Captain Jamie’s Tips
- Dropper Rig of Choice: Single Spider Hitch loop with a long (about 18-24″) tag line that allows the bait to swim freely + long gap between loop & sinker to suspend the bait above the bottom. Jamie likes the Spider Hitch knot for its balance as a strong knot and its free-swimming action with our live sardines that triggers bites from the more aggressive grade & species of rockfish. I.e. – larger vermillion rockfish (reds) and lingcod
- Hook of Choice: Gamakatsu Nautilus Circle Hook – sizes: 1/0 & 2/0 (ideally matched for 4-6″ sardines used)
- Bait Selection: Find the bait with the least amount of scales missing + lively swimmer (the harder to catch in hand the better!) + no red spots or red noses + light green and good color.
- Bait Handling & Hooking: Always cradle the bait and never squeeze. To nose hook, find the spot of cartilage and hook across from one side to another as shown by Captain Jamie below. Release bait and get back into the water as quickly as possible.

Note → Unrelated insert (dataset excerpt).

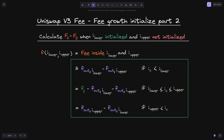In this video, we calculated the fee growth inside when tick i lower is initialized and tick i upper is not initialized. In the next video, we'll do the opposite: calculate fee growth inside when tick i lower is not initialized and i upper is initialized. Thanks for watching, and see you in the next video.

Back to our rockfish rendezvous – Now baited up, we dropped to the bottom to find out what was on tap for the day. With little current and the proper size sinker rigged up, keeping our baits on the bottom was very manageable in 200-feet of water by free spooling to bottom then engaging the reel, and then back to free spool as needed to manage scope during the drift.
Admittedly it took the fish a little bit to wake up this particular morning, but sure enough, they started to snap and our bag filled with fresh tacos! Besides the great taste factor of these bottom dwellers, I personally think the fun factor is right up there as well. As much of a “sure thing” there is within our fishery, bottom fishing always adds an element of surprise as you never know what might bite.
Plus the variety is plentiful, with this trip being a great example of a wide mix of rockfish species, lingcod, and California sheephead.
With a great group of guys, an awesome captain & boat, quality tackle thanks to Gamakatsu plus some of the best eating fish, this was the perfect way to kick off my year! Special thanks to Captain Jamie for yet another epic trip with countless laughs and lasting memories.